● DIRECTIONS FOR THIS TASK
Using the line with "Stan na prodaju" as your starting point, transcribe it and each line beneath it word for word until the records run out, without pictures.

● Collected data
=====
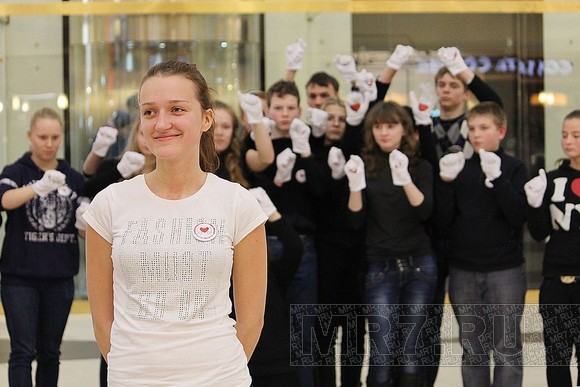 Глухие петербуржцы станцевали «танец сердец»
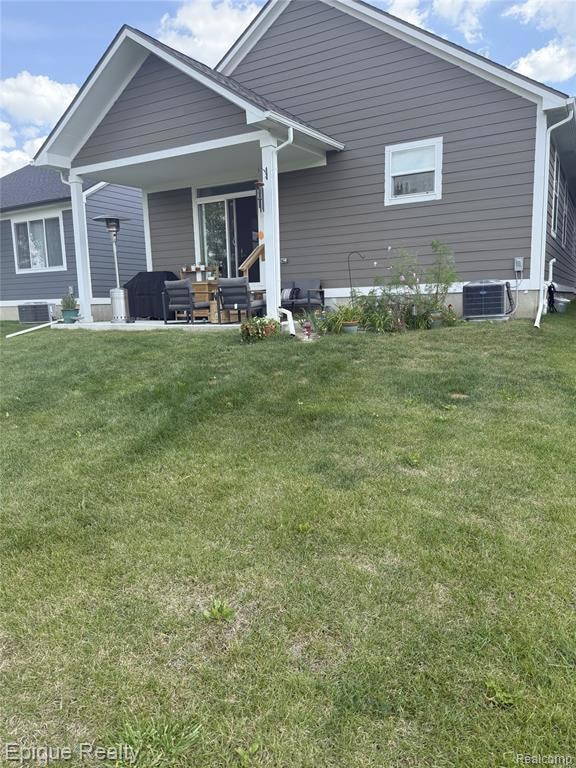 27651 Maryjane Ln, Chesterfield Township, MI 48047 - photo 2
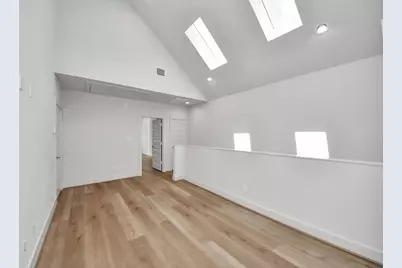 13111 Moncloa Drive, Houston, TX 77047 - Photo 18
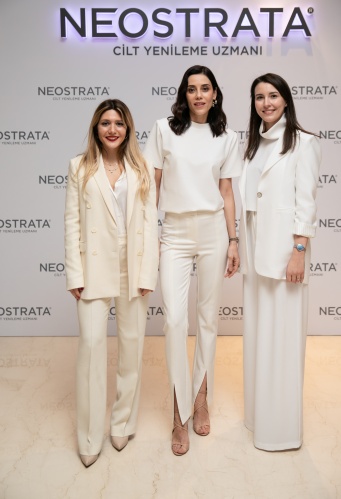 MELİS ALTINÇEKİÇ - CANSU DERE - DİLARA ESMER BAYSEFEROĞULLARI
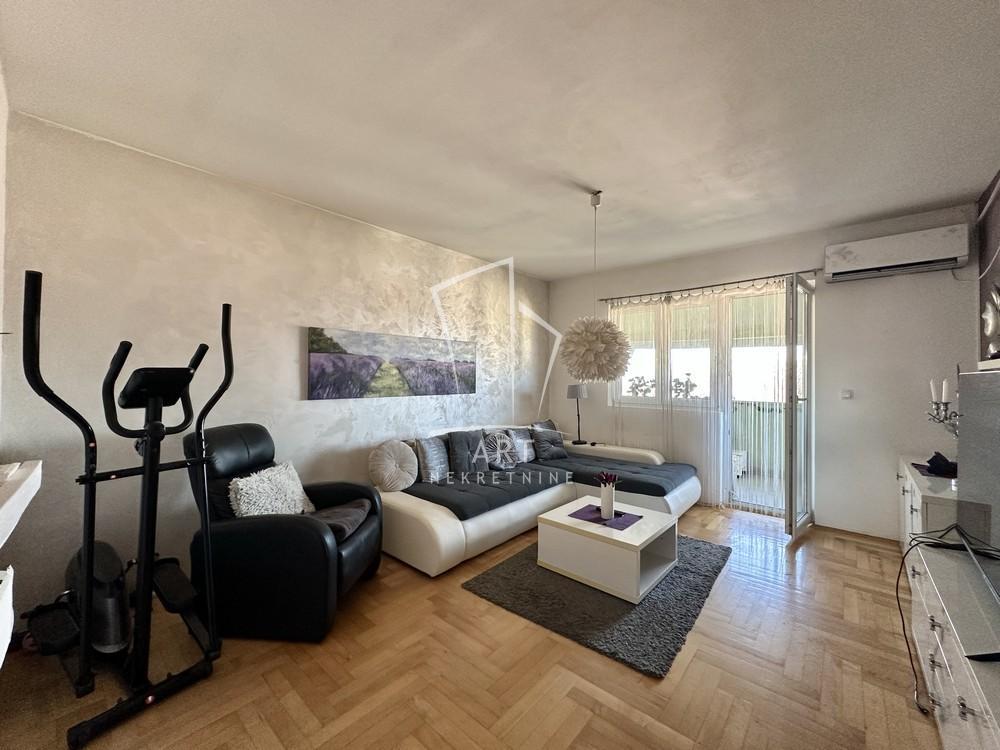 Stan na prodaju u Beogradu, Karaburma, troiposoban, 50m2, cena 149990 evra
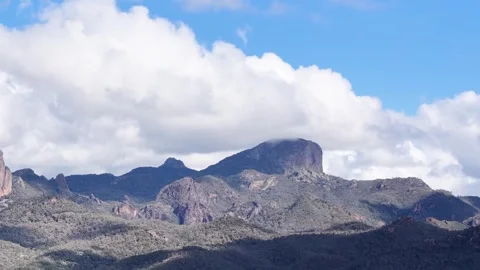 Time-Lapse of Clouds Passing Over Rugged Australian Mountain Peaks 库存影片 325828238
=====
● RESULT
 Stan na prodaju u Beogradu, Karaburma, troiposoban, 50m2, cena 149990 evra
 Time-Lapse of Clouds Passing Over Rugged Australian Mountain Peaks 库存影片 325828238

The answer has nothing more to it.